§ INSTRUCTIONS TO FOLLOW
Transcribe word for word the section of the records below that opens with the line containing "Alerta roja en" and closes with the line containing "Nike Zoom Mercurial"; drop every picture.

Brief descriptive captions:

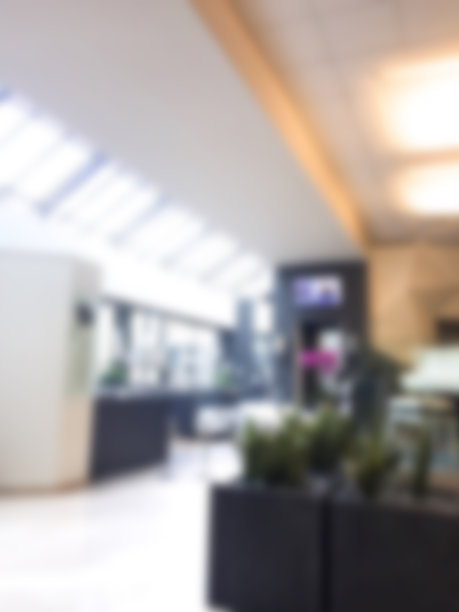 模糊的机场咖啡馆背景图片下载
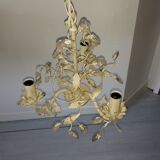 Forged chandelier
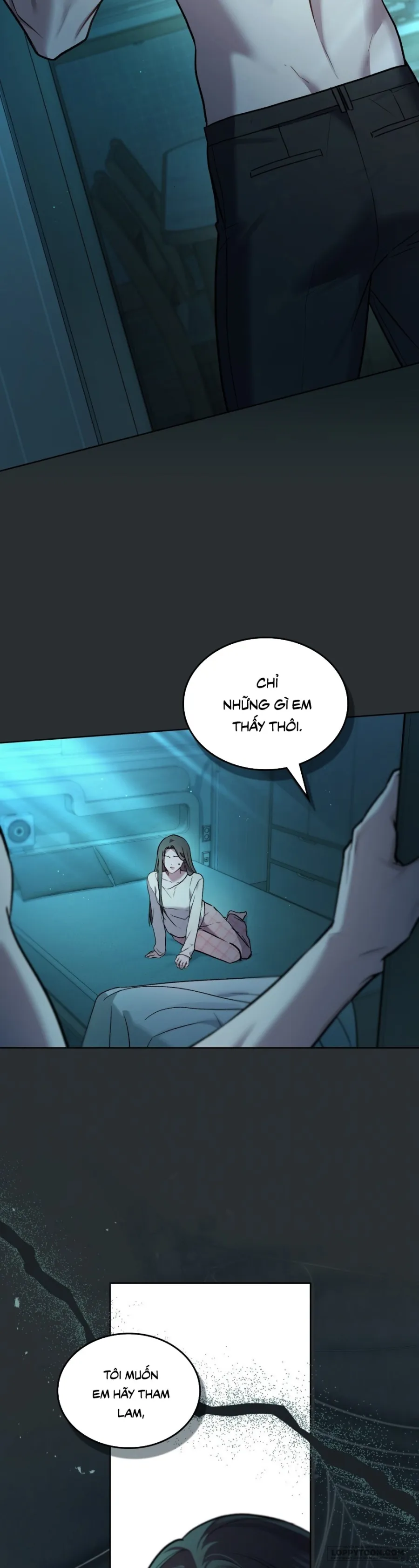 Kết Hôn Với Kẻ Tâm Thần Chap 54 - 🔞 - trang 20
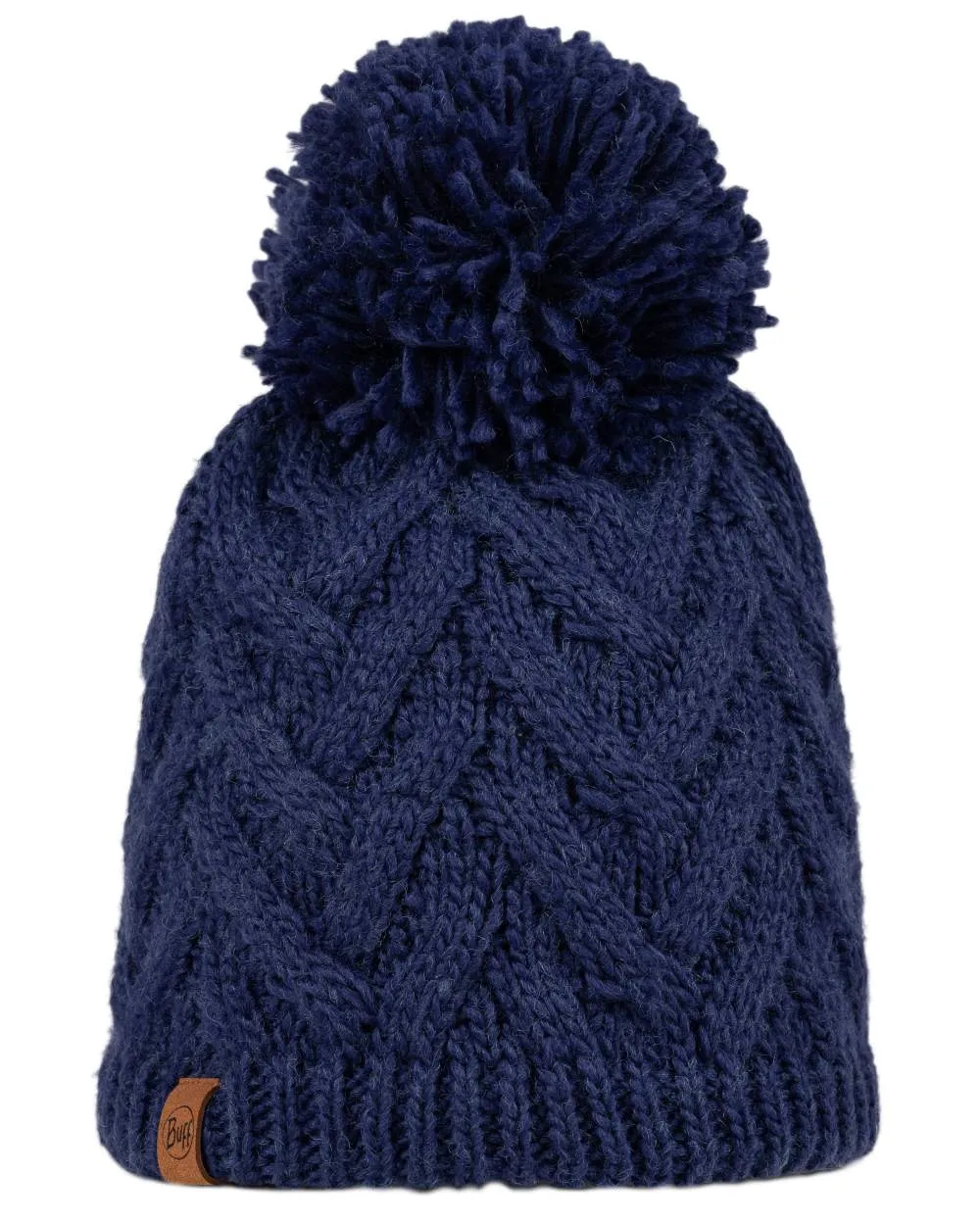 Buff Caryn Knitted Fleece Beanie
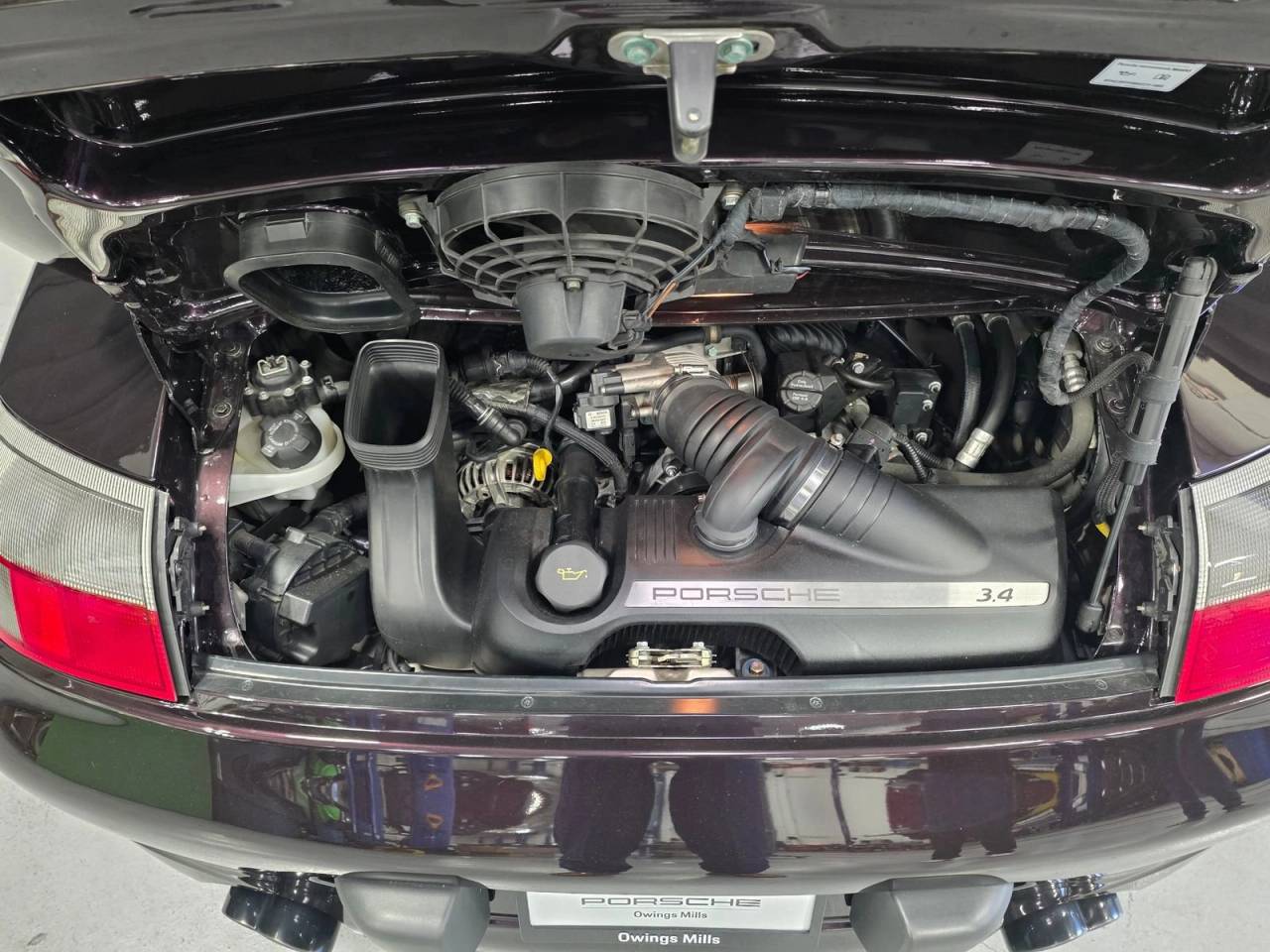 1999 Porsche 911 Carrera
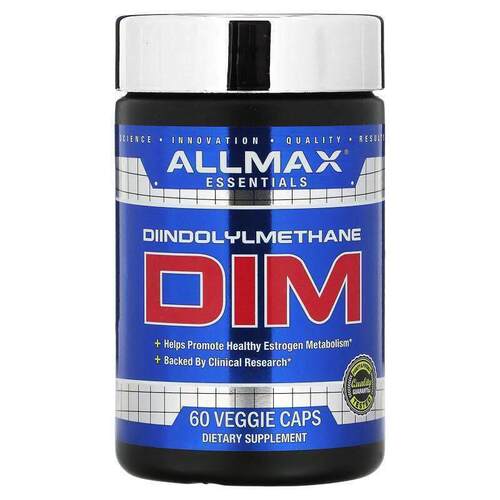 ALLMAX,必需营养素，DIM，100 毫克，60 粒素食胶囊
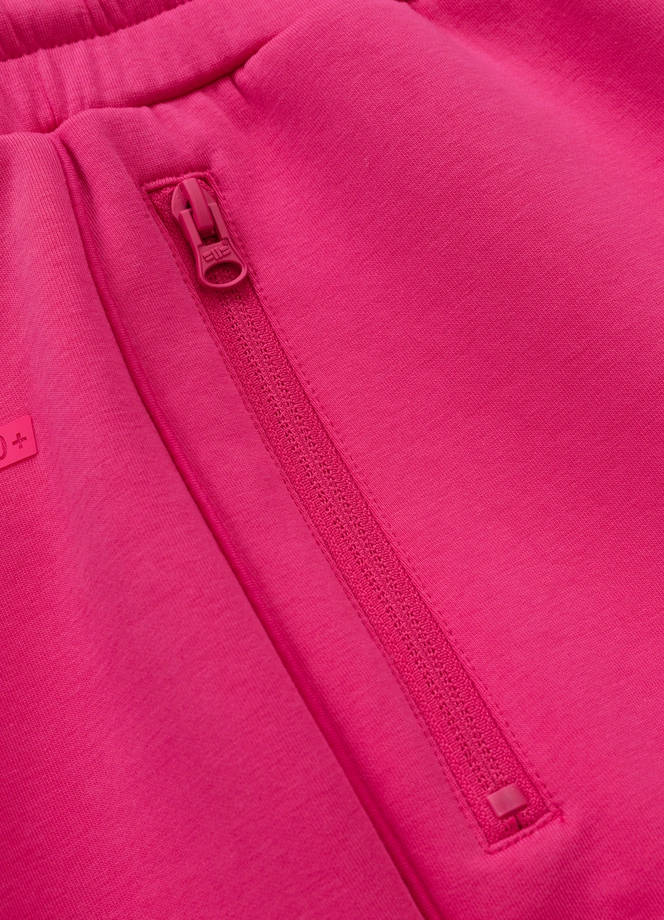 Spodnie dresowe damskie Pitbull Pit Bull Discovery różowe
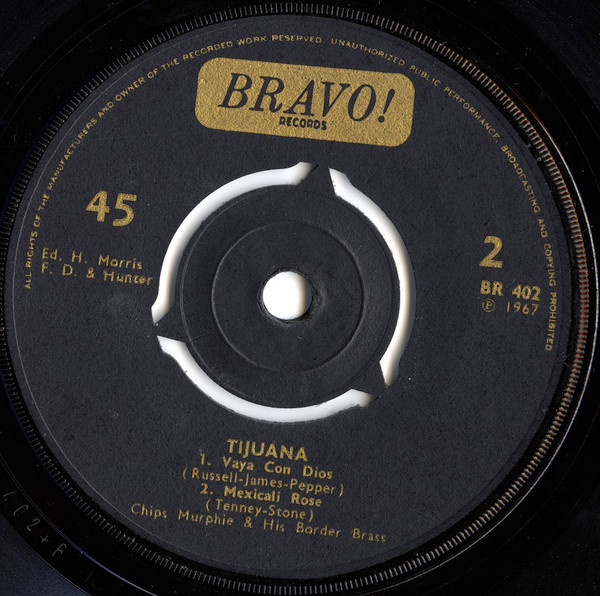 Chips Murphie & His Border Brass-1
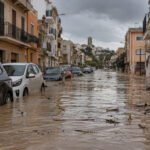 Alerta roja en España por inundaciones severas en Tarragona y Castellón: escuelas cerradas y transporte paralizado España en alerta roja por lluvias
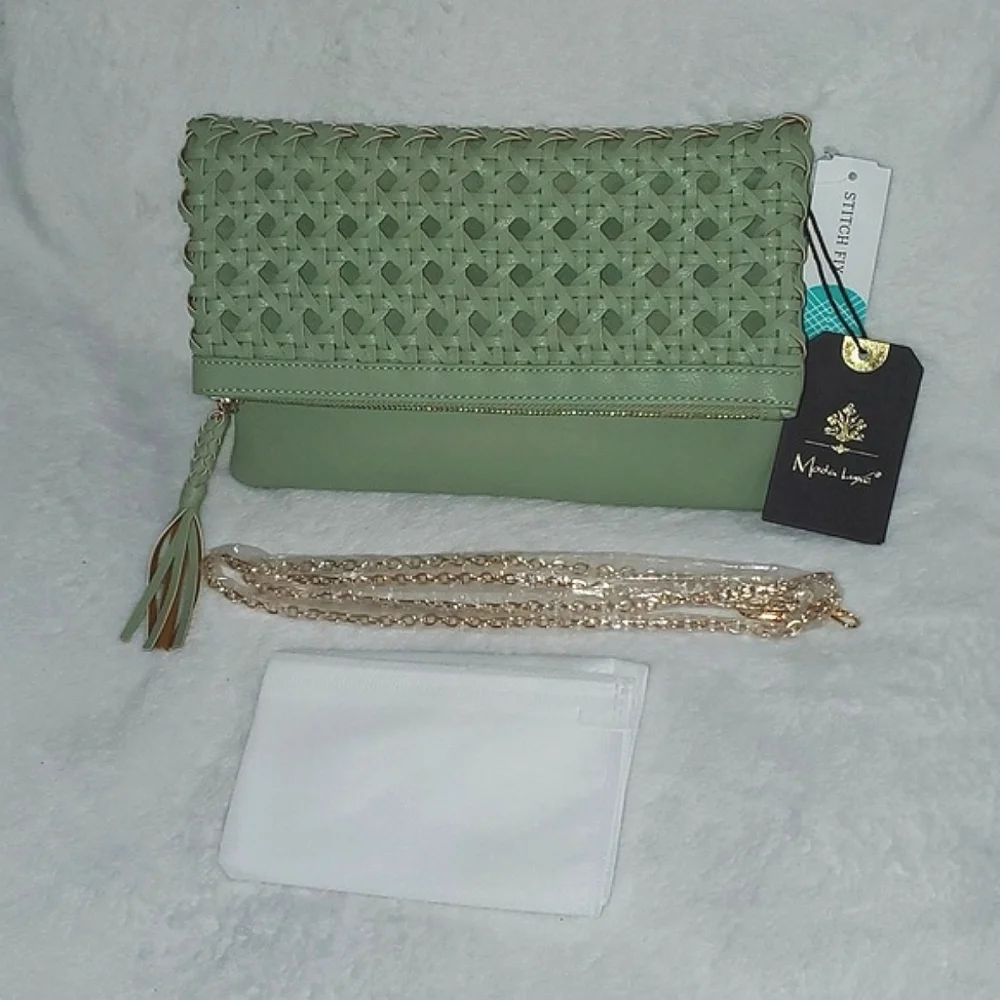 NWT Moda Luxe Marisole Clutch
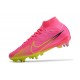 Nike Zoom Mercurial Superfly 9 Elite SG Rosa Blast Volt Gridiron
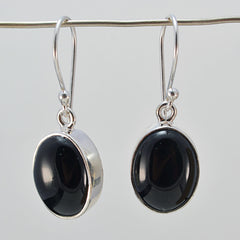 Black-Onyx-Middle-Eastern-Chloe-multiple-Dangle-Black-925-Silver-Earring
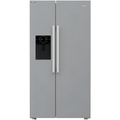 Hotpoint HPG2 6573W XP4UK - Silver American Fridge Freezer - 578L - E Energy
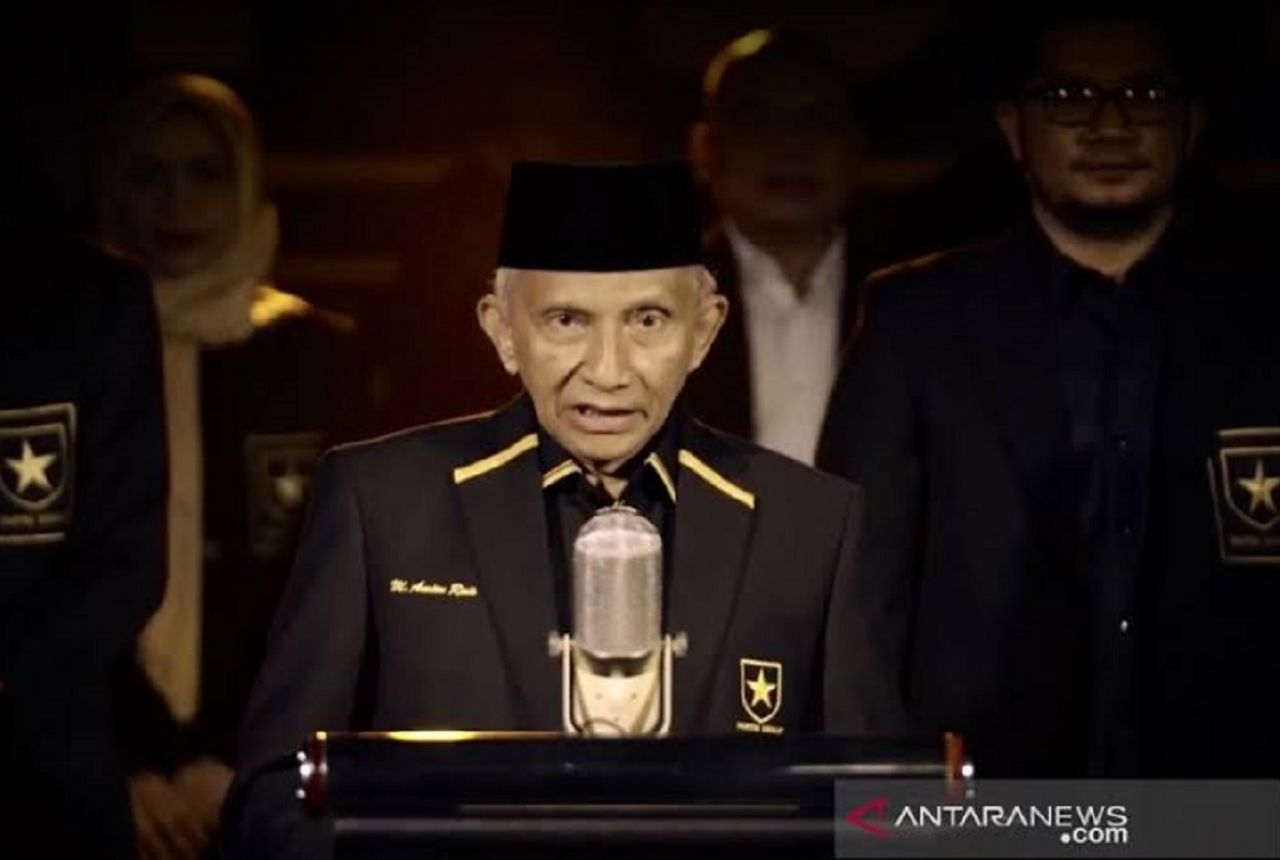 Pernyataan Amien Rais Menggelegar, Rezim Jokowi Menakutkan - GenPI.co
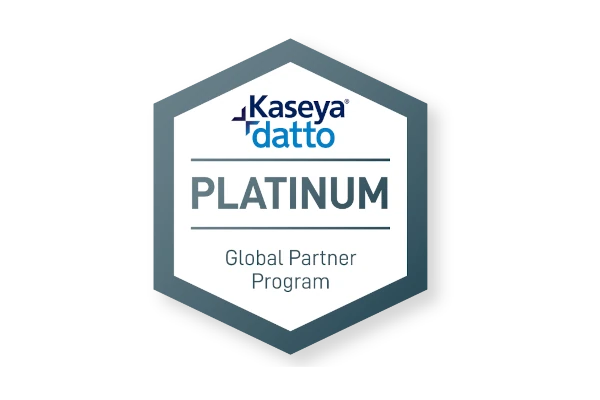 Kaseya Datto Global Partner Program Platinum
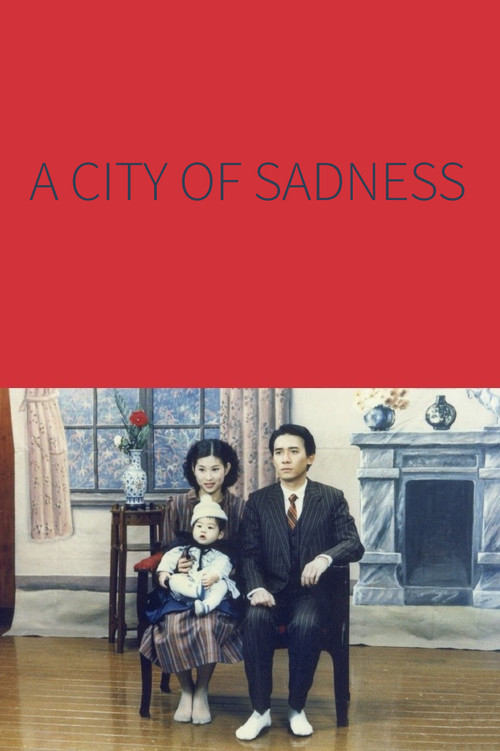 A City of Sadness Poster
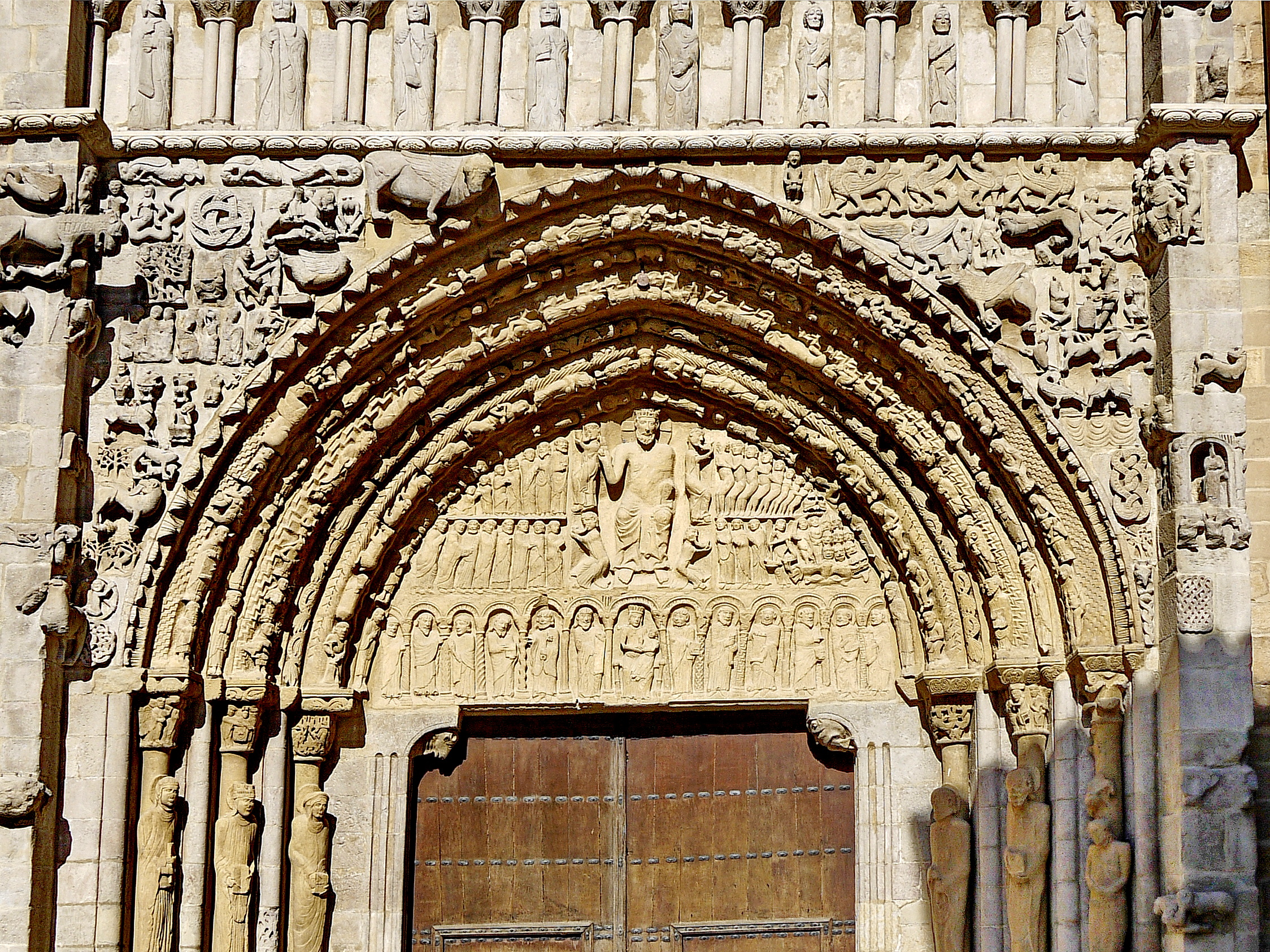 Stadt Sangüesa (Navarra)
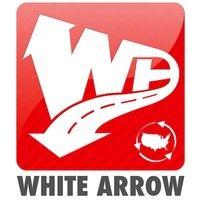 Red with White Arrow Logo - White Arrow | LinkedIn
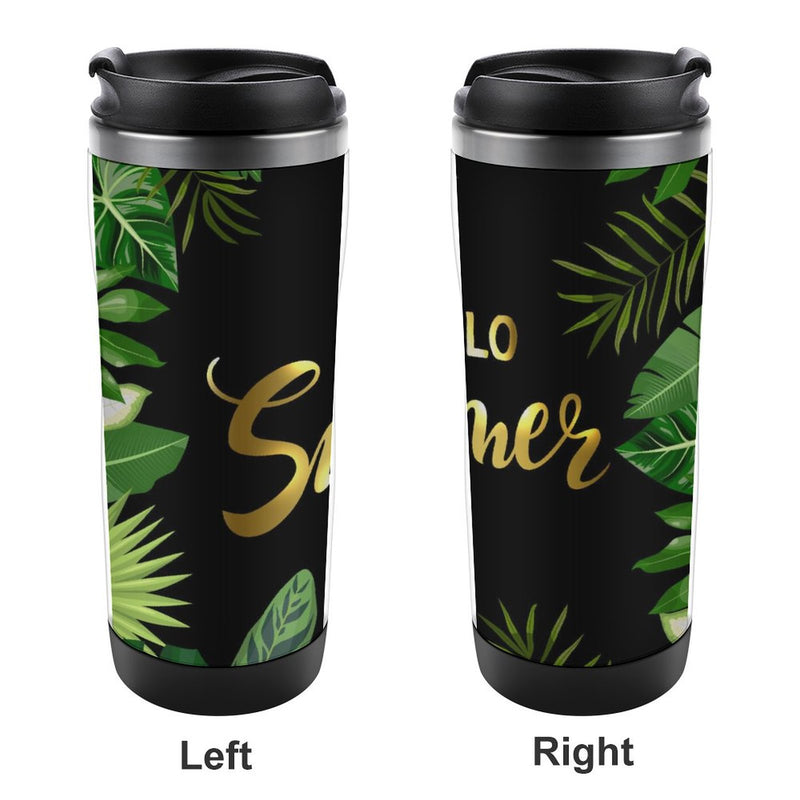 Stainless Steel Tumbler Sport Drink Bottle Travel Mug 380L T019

§ SOLUTION TO THIS PROBLEM
 Alerta roja en España por inundaciones severas en Tarragona y Castellón: escuelas cerradas y transporte paralizado España en alerta roja por lluvias
 NWT Moda Luxe Marisole Clutch
 Nike Zoom Mercurial Superfly 9 Elite SG Rosa Blast Volt Gridiron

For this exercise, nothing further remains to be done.